» EXERCISE GOAL
Starting at the line that contains "Inicio de Mendeley (web)" and ending at the line that contains "銀色 CC Auth163230V-16", the lines below are to be given again exactly, with nothing added.

(Dataset entries)
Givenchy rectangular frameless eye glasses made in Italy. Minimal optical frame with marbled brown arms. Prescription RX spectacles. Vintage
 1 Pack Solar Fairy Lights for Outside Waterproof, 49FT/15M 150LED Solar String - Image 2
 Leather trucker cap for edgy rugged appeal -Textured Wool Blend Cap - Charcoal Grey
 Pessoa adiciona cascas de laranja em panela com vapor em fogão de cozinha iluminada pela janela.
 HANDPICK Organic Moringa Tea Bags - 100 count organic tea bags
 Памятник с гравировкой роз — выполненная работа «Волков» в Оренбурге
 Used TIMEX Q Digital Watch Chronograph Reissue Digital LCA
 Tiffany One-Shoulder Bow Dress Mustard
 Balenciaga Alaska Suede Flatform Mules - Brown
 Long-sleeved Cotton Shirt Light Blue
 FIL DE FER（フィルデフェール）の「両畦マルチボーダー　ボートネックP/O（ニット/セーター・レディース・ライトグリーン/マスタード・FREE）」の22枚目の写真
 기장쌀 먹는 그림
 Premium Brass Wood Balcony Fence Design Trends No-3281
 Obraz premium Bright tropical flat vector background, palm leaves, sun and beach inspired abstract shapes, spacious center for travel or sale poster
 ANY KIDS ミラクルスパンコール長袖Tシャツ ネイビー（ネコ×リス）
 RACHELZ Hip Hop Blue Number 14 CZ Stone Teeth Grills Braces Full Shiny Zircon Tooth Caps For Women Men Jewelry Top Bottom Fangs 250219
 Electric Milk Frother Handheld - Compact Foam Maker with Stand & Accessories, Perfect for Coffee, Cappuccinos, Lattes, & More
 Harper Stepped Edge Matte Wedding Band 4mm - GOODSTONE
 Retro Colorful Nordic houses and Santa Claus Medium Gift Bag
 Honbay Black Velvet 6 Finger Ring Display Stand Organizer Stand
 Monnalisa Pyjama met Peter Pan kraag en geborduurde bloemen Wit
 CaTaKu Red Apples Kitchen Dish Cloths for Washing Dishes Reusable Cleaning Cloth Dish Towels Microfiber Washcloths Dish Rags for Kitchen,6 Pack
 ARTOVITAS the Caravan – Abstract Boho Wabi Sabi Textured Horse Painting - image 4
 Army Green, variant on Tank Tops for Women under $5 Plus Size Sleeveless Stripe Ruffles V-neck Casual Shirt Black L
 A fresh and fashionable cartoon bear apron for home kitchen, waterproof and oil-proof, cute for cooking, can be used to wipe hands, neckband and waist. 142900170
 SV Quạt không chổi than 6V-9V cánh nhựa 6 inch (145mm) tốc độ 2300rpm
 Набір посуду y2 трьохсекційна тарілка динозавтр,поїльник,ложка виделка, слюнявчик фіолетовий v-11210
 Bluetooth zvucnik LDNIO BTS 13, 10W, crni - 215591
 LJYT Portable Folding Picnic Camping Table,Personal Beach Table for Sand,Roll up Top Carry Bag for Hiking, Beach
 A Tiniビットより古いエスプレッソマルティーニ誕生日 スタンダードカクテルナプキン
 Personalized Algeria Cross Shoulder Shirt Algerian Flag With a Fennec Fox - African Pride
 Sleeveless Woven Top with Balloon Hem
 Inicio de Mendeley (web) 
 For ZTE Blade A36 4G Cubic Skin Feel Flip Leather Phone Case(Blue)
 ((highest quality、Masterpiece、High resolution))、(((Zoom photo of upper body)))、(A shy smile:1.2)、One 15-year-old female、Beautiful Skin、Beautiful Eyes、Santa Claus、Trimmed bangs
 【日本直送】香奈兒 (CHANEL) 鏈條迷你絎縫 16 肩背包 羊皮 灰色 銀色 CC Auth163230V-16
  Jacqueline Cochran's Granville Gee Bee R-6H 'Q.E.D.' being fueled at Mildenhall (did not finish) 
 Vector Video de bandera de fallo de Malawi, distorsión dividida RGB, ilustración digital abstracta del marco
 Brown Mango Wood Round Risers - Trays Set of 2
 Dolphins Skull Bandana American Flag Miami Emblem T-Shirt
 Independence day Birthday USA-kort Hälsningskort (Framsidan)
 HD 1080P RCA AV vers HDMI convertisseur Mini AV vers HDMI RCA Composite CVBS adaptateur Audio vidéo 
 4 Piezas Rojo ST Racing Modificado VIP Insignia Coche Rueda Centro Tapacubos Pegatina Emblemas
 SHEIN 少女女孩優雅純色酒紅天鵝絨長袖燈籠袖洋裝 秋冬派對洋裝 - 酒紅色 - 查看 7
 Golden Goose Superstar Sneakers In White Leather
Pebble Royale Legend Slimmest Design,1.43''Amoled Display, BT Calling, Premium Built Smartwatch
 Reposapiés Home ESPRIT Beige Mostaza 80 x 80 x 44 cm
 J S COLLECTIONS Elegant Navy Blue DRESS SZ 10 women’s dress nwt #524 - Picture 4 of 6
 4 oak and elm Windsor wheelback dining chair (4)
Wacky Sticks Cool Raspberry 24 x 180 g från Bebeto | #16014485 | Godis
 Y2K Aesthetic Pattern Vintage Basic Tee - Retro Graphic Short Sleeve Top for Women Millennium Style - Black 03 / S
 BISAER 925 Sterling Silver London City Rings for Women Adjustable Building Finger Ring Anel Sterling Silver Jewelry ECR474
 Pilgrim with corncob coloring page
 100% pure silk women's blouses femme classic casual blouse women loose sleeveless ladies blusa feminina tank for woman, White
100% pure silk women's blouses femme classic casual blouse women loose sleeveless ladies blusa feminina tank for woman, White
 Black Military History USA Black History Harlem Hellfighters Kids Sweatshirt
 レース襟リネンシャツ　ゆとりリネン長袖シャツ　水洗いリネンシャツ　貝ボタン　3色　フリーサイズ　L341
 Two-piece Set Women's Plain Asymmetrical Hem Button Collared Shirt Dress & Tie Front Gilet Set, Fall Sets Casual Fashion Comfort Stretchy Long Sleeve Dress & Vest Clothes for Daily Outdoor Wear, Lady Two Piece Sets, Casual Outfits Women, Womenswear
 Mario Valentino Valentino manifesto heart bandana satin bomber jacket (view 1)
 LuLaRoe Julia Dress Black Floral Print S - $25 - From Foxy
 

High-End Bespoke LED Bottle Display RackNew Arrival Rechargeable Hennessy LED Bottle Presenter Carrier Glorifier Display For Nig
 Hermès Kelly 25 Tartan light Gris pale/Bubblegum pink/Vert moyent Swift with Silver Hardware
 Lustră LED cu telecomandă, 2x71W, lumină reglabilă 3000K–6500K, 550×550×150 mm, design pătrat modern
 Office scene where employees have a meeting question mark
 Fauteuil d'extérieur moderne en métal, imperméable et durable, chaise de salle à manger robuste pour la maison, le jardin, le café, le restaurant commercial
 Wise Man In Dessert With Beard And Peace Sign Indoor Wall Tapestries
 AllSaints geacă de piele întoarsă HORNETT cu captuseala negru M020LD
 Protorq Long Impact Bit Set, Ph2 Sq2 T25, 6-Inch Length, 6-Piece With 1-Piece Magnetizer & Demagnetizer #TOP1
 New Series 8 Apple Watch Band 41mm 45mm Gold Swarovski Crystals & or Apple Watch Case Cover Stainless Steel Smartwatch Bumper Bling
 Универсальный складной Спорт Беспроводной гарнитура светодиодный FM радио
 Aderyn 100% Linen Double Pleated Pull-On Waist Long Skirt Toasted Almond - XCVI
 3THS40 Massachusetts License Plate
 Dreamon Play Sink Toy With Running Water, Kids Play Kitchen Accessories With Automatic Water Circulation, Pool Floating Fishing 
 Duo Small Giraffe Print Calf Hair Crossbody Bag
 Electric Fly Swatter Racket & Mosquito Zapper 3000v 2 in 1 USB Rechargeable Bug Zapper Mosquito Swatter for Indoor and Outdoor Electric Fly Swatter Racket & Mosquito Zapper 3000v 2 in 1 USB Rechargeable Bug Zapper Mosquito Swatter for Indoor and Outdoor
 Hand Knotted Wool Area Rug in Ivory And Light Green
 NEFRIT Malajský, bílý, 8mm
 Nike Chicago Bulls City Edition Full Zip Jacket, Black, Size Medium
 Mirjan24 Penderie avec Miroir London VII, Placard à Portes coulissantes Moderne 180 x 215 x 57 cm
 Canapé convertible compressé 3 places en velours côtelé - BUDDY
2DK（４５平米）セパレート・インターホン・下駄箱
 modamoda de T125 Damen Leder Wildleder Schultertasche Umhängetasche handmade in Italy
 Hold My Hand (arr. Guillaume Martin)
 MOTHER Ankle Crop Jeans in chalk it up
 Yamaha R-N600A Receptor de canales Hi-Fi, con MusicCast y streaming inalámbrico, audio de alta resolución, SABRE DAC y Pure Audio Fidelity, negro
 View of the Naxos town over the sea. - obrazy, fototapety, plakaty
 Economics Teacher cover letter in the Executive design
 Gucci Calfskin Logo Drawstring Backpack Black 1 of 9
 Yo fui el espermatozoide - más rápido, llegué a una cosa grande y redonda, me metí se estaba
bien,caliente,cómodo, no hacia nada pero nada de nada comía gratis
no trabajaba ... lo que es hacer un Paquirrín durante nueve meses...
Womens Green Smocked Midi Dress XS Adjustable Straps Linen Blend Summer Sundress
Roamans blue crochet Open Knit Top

» RESPONSE TO THE EXERCISE
 Inicio de Mendeley (web) 
 For ZTE Blade A36 4G Cubic Skin Feel Flip Leather Phone Case(Blue)
 ((highest quality、Masterpiece、High resolution))、(((Zoom photo of upper body)))、(A shy smile:1.2)、One 15-year-old female、Beautiful Skin、Beautiful Eyes、Santa Claus、Trimmed bangs
 【日本直送】香奈兒 (CHANEL) 鏈條迷你絎縫 16 肩背包 羊皮 灰色 銀色 CC Auth163230V-16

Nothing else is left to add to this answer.